Oakley, who finished second, hit nose-first into the outside wall and came to a crawl on the back straightaway while Austin Thaxton and Peyton Sellers drove by Oakley as the caution came out.
Thaxton and Sellers were originally scored second and third, respectively, but track officials moved Oakley back to second for the last restart.
“I’m pretty sure that I should have started second on that last restart,” Thaxton said after finishing third. “I don’t know what they were watching up there [in the scoring tower]. You win some and you lose some.”
According to the NASCAR Whelen All-American Series rulebook, Section 10-4, “cars must maintain, under their own power, a reasonable speed considering the conditions that exist on the track. Determination of a reasonable speed is a judgment call and will be made by Track Officials.”

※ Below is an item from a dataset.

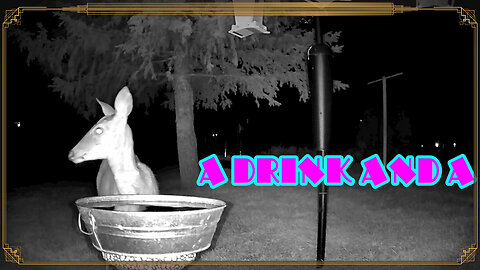 A Drink And.....
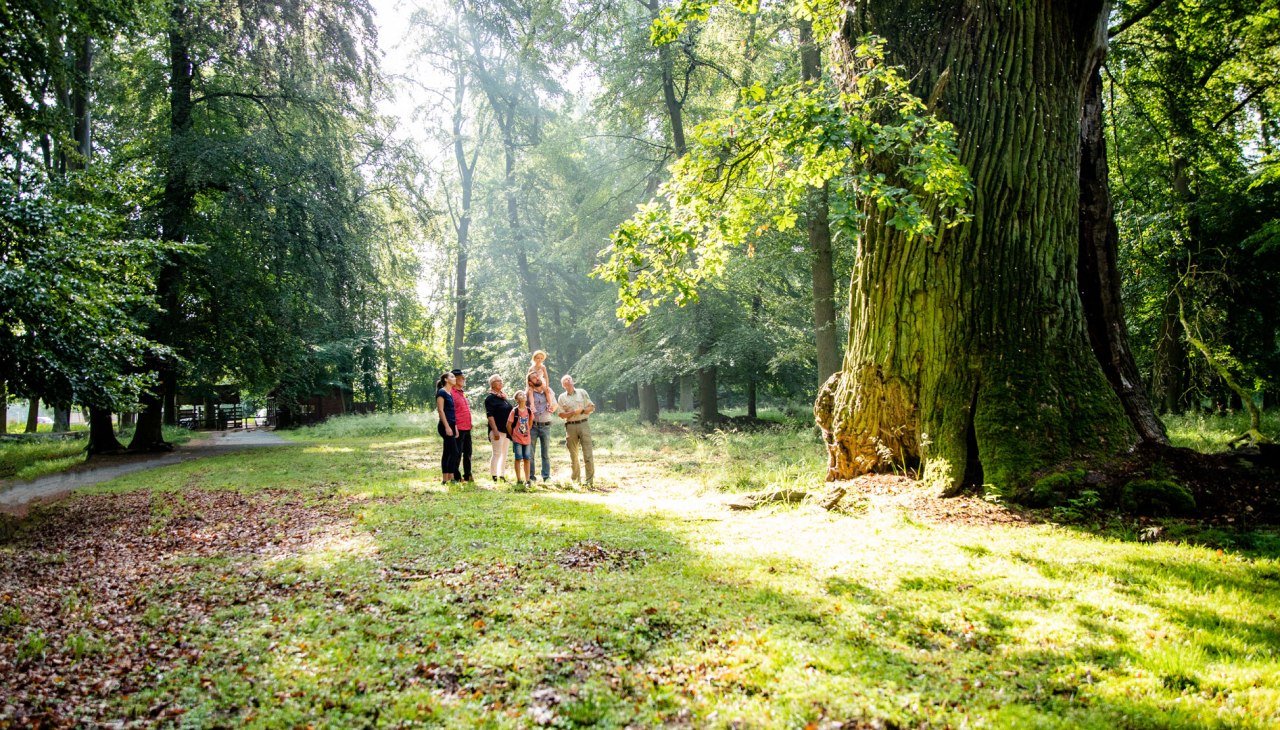 rieseneiche-bestaunen, © Landesforst MV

While Oakley’s front end was facing the back straightaway wall and the others passed him while maintaining speed, Oakley was still given his spot back.
“I saw two lapped cars that’s been getting the move-over flag for probably about 10 laps. They just decided to wreck right in front of us,” Oakley said. “I was trying to stay off of Philip; I didn’t want to take him out and I didn’t want to take myself out. I ended up nosing into the wall, but luckily kept it running and kept going.
“I got very, very slow. I don’t think I came to a complete stop because the motor stayed running, but I got really slow. … When the caution came out, I was second and that’s what they go by. When the yellow lights were on, we were still in second and these other guys come flying by me on the outside. They said they go back to when the caution comes out.”
Oakley was never able to go on the restart as he had heavy damage on the front end and was lucky to be able to hold off the hard-charging Thaxton and Sellers coming to the checkered flag.
With most of the attention on the fracas to end the race, Morris was able to celebrate again in Victory Lane a year after winning 20 times at the 0.4-mile oval.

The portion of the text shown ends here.